Flucht und Vertreibung der jüdischen Familie Block aus Gelsenkirchen
Der Kaufmann Siegfried Block, geboren am 7. Juli 1881 in Gelsenkirchen, heiratete die aus Altena stammende Hedwig Heinemann, geboren am 16. August 1885. Aus dieser Ehe gingen drei in Gelsenkirchen geborene Kinder hervor.
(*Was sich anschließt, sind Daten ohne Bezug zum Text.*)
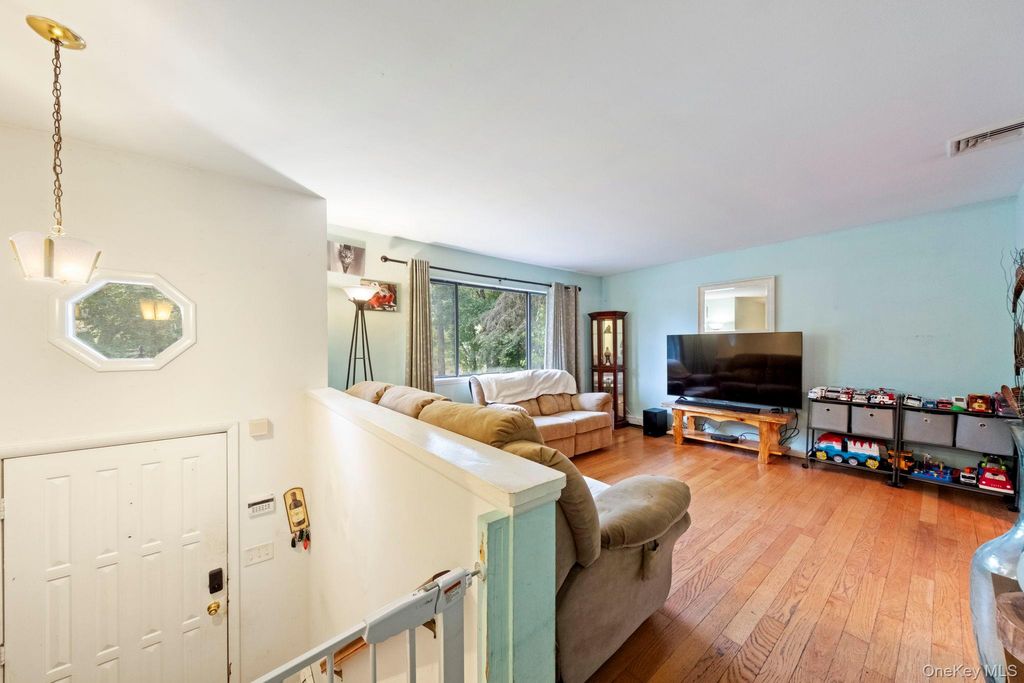 Photo of 4 Verven Road, Poughkeepsie, NY 12603 (MLS # 922807)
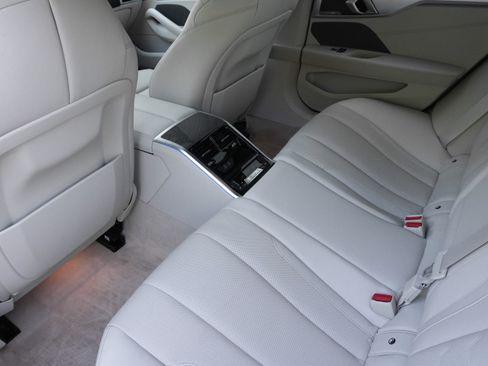 Used 2026 BMW 840i RWD image 33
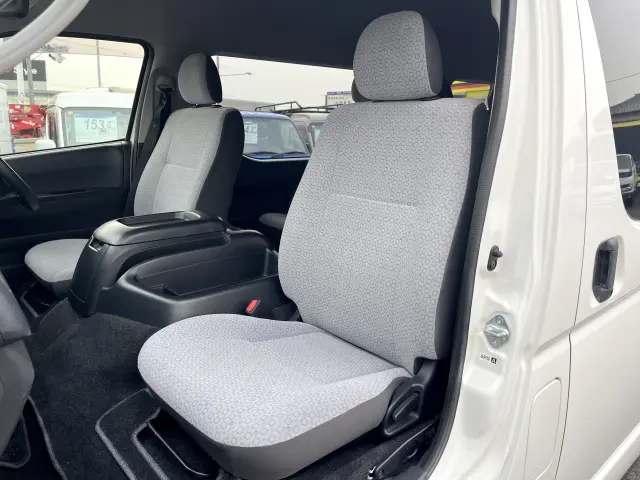 トヨタ ハイエースコミューター QDF-GDH223B(2WD)の写真22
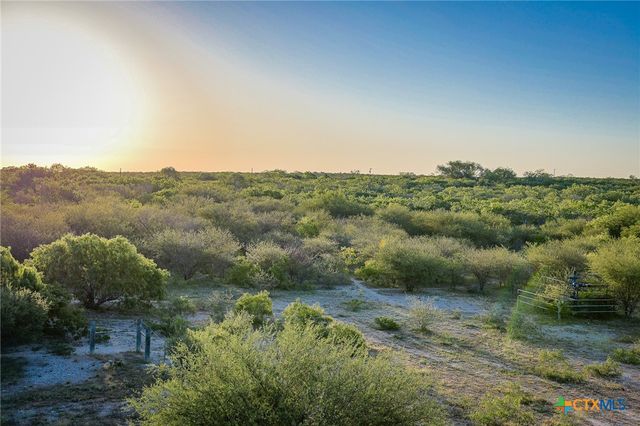 000 County Line Rd # 120, Beeville, TX 78102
Kurt, geboren am 27. Januar 1911, Ruth-Berta, geboren am 7. Juli 1912 und Hans-Helmut, geboren am 9. Februar 1914. Siegfried Blocks Name findet sich auch auf der Wahlliste vom 16. November 1930 zur Gründung der liberalen jüdischen Synagogengemeinde Gelsenkirchen. Die Kinder der Familie Block konnten 1936 Gelsenkirchen noch rechtzeitig verlassen. Siegfried Block starb in der zweiten Hälfte der Dreißiger Jahre, Hedwig Block wurde am 27. Januar 1942 aus Gelsenkirchen in das Ghetto Riga verschleppt dort wegen "Brotschmuggel" im Zentralgefängnis Riga ermordet.
Abb. 1: Siegfried und Hedwig Block um 1919.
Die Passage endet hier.